======== RECORDS TO PROCESS ========
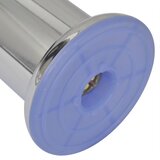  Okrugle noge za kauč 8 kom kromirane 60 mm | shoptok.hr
========
======== RECORDS TO PROCESS ========
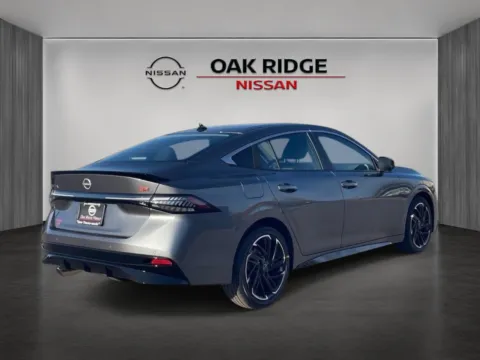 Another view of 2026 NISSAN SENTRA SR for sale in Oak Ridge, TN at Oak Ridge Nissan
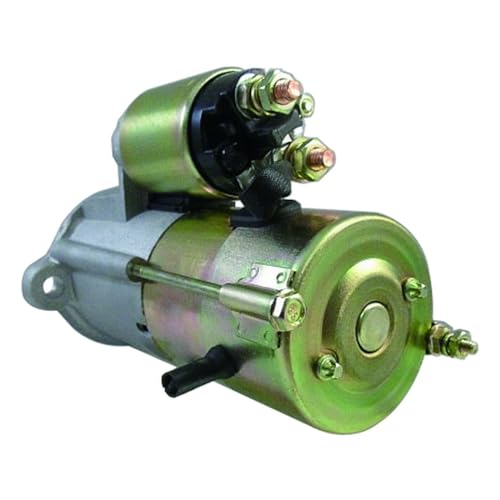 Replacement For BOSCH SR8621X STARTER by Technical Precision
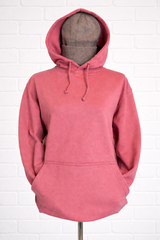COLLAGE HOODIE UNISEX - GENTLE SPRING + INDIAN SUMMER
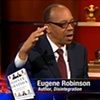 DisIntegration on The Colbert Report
========
YOUR GOAL: Retype the lines above exactly as they appear, from the line containing "COLLAGE HOODIE UNISEX" through the line containing "DisIntegration on The Colbert Report", and leave out any pictures.

TASK ANSWER:
COLLAGE HOODIE UNISEX - GENTLE SPRING + INDIAN SUMMER
 DisIntegration on The Colbert Report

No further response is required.